Try it ::
With pictures left out, output exactly the lines from the line holding "Chelsea vs Arsenal" through the end of the data, both included.

---- Given entries

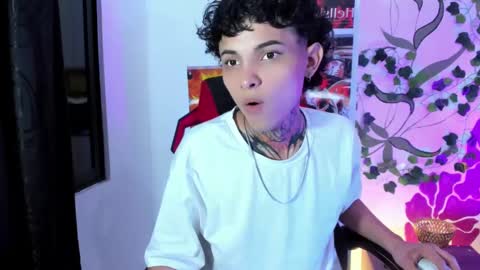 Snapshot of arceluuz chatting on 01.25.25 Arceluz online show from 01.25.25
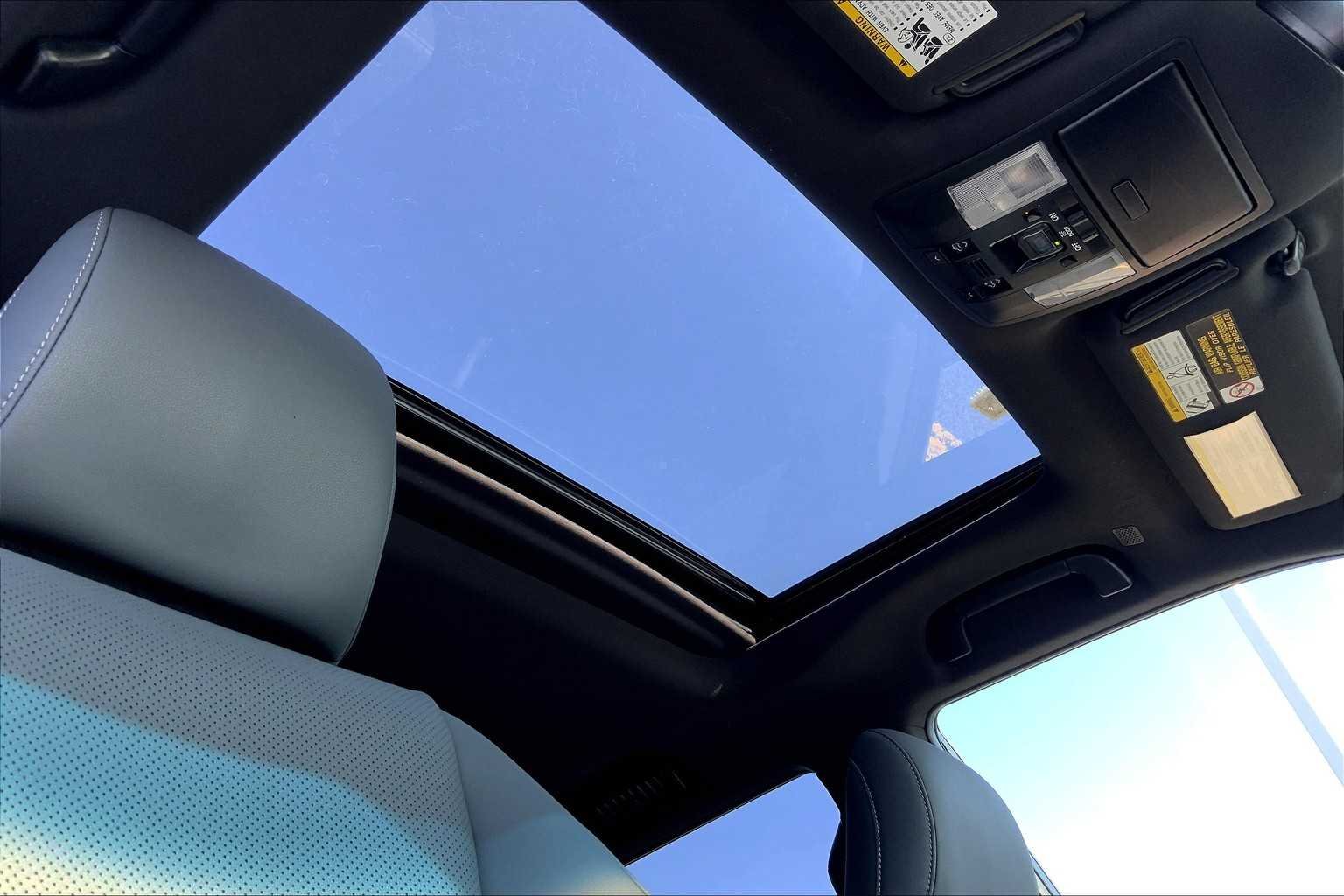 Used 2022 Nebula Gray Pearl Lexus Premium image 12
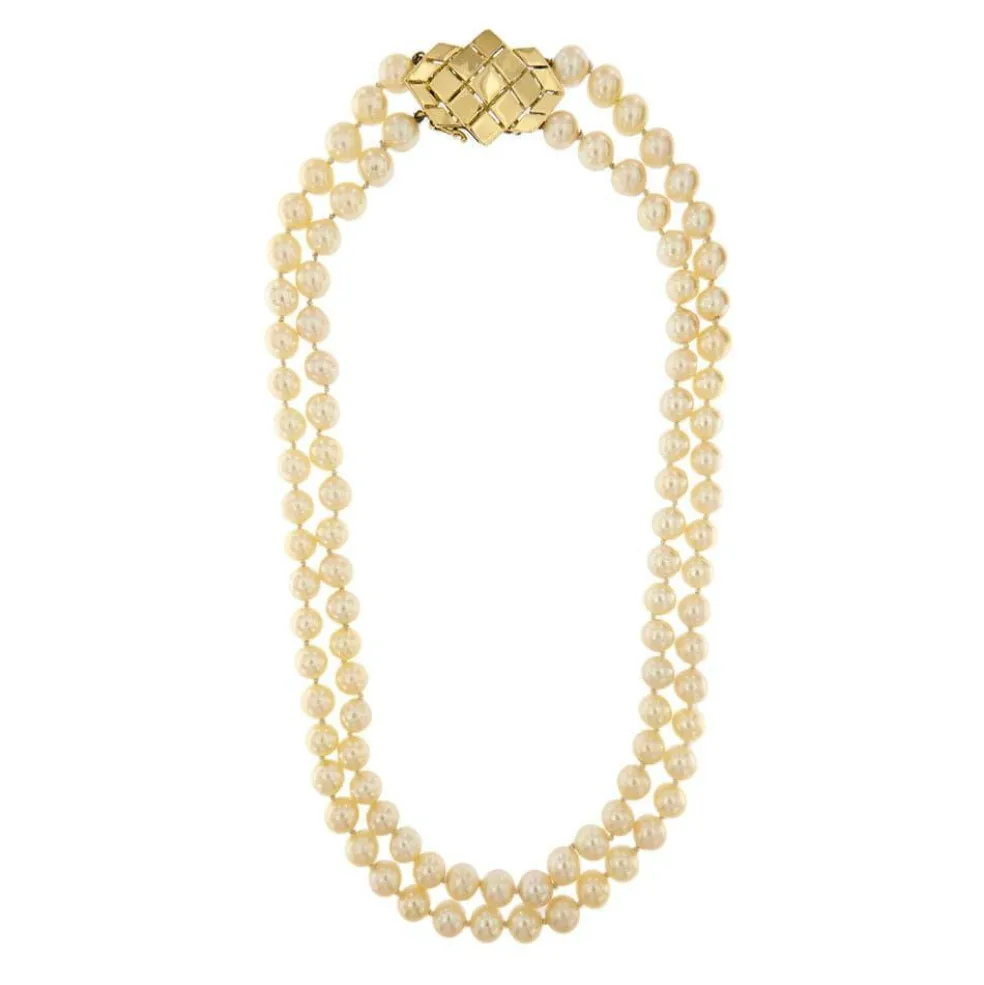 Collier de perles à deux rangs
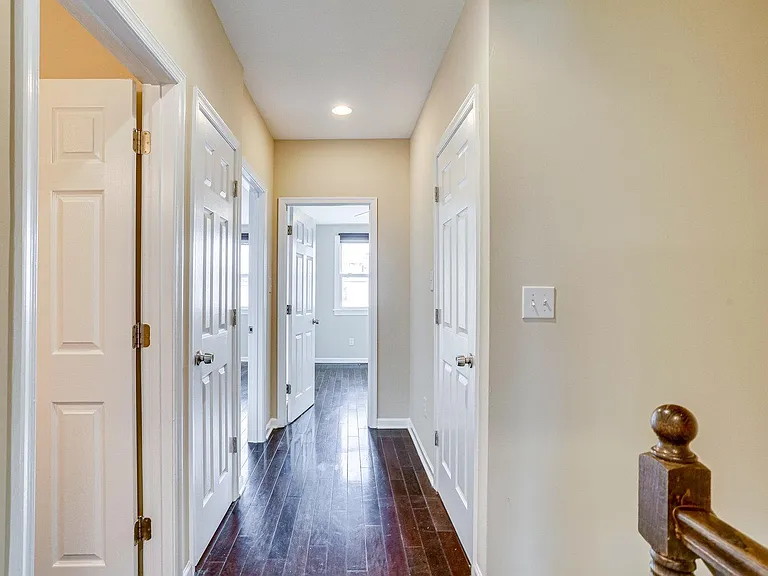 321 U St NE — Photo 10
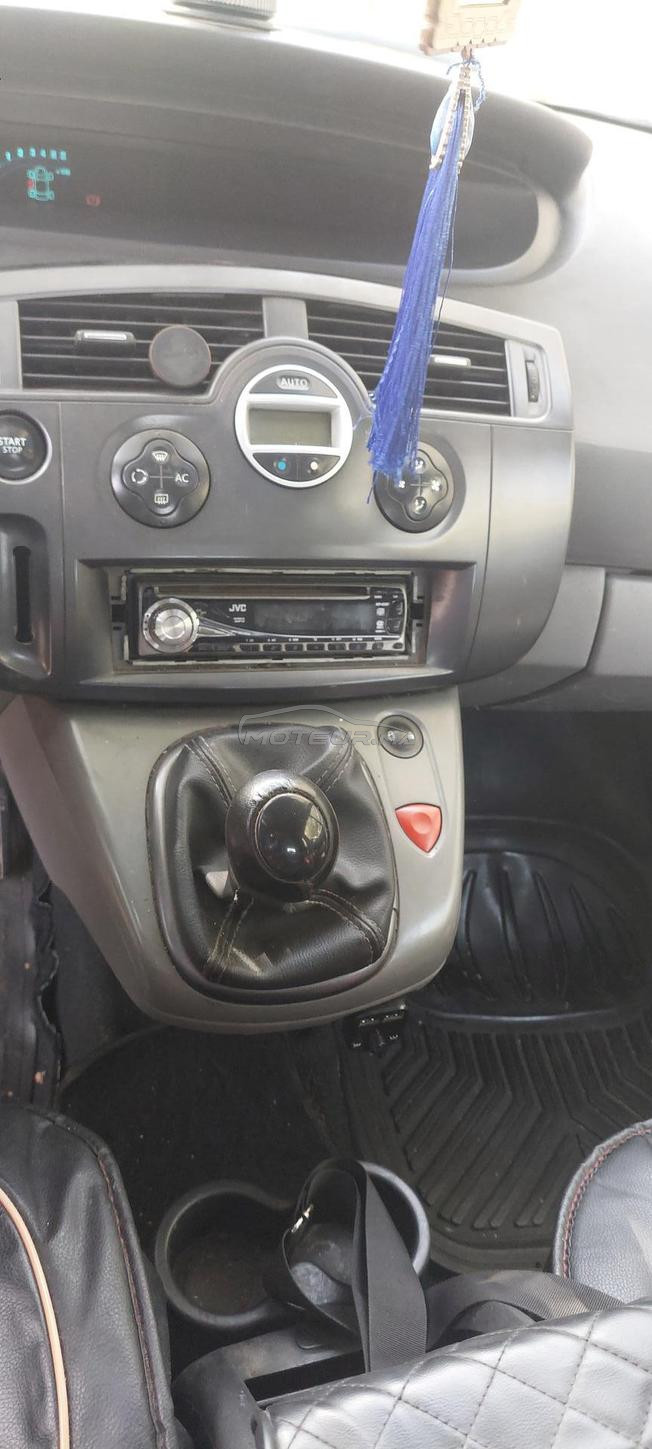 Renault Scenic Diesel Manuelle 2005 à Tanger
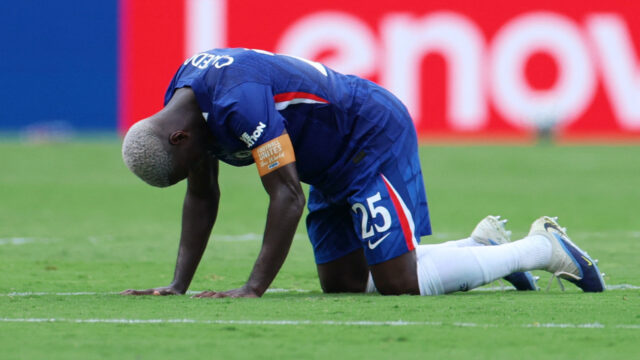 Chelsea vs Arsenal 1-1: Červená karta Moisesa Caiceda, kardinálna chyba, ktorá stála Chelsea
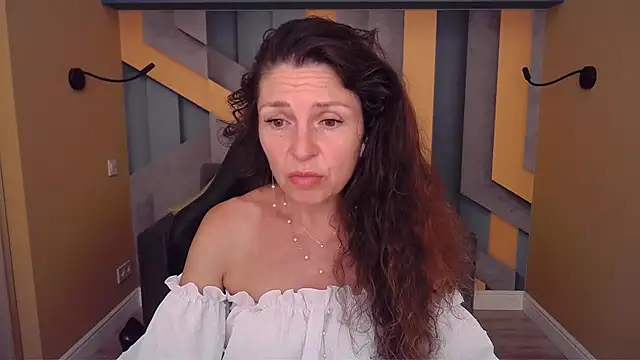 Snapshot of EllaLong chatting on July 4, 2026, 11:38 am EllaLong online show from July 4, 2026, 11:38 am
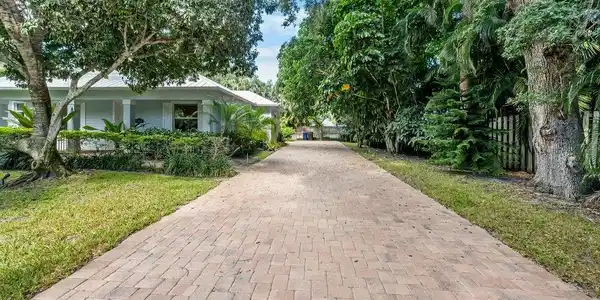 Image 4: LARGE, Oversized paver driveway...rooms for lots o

--------

Answer to the exercise ::
 Chelsea vs Arsenal 1-1: Červená karta Moisesa Caiceda, kardinálna chyba, ktorá stála Chelsea
 Snapshot of EllaLong chatting on July 4, 2026, 11:38 am EllaLong online show from July 4, 2026, 11:38 am
 Image 4: LARGE, Oversized paver driveway...rooms for lots o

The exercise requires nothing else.